(Dataset excerpts)
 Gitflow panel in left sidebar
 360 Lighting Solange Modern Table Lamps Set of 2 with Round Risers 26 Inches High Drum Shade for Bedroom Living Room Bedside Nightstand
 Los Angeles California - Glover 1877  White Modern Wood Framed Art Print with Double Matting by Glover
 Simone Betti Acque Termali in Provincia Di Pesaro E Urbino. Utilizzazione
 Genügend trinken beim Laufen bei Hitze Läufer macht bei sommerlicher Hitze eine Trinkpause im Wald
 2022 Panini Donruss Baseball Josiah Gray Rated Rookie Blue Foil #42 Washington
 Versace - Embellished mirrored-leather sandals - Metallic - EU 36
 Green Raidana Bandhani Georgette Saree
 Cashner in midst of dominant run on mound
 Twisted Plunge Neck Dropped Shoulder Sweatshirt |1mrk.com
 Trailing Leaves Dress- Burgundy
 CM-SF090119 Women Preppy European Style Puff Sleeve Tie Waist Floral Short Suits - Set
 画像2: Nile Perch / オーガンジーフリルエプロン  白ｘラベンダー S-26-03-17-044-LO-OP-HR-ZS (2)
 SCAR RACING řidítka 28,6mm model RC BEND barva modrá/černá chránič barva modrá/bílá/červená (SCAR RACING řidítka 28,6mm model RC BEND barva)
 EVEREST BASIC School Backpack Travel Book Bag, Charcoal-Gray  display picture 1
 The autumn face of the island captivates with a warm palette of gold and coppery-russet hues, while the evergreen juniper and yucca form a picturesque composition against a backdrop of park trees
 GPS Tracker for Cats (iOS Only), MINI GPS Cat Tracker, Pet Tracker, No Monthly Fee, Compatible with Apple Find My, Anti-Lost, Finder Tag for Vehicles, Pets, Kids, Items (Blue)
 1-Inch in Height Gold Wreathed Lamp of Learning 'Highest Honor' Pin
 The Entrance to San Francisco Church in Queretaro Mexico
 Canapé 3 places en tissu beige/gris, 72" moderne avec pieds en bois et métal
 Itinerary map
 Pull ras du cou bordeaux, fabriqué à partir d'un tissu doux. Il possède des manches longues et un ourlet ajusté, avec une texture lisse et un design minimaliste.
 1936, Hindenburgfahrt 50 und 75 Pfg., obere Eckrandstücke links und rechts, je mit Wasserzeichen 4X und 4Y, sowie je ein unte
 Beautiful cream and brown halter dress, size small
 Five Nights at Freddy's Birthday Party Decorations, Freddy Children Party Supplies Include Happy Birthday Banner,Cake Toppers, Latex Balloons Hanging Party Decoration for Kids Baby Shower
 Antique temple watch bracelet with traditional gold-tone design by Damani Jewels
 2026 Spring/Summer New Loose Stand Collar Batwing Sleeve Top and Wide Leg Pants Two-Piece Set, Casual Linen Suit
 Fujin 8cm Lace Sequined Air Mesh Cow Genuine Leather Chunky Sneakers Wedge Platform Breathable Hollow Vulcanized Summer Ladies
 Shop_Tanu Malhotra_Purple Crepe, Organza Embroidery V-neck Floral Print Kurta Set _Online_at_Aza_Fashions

[WHAT YOU NEED TO DO]
Copy all lines from the data that hold the word "Kids".

[WORKED SOLUTION]
 GPS Tracker for Cats (iOS Only), MINI GPS Cat Tracker, Pet Tracker, No Monthly Fee, Compatible with Apple Find My, Anti-Lost, Finder Tag for Vehicles, Pets, Kids, Items (Blue)
 Five Nights at Freddy's Birthday Party Decorations, Freddy Children Party Supplies Include Happy Birthday Banner,Cake Toppers, Latex Balloons Hanging Party Decoration for Kids Baby Shower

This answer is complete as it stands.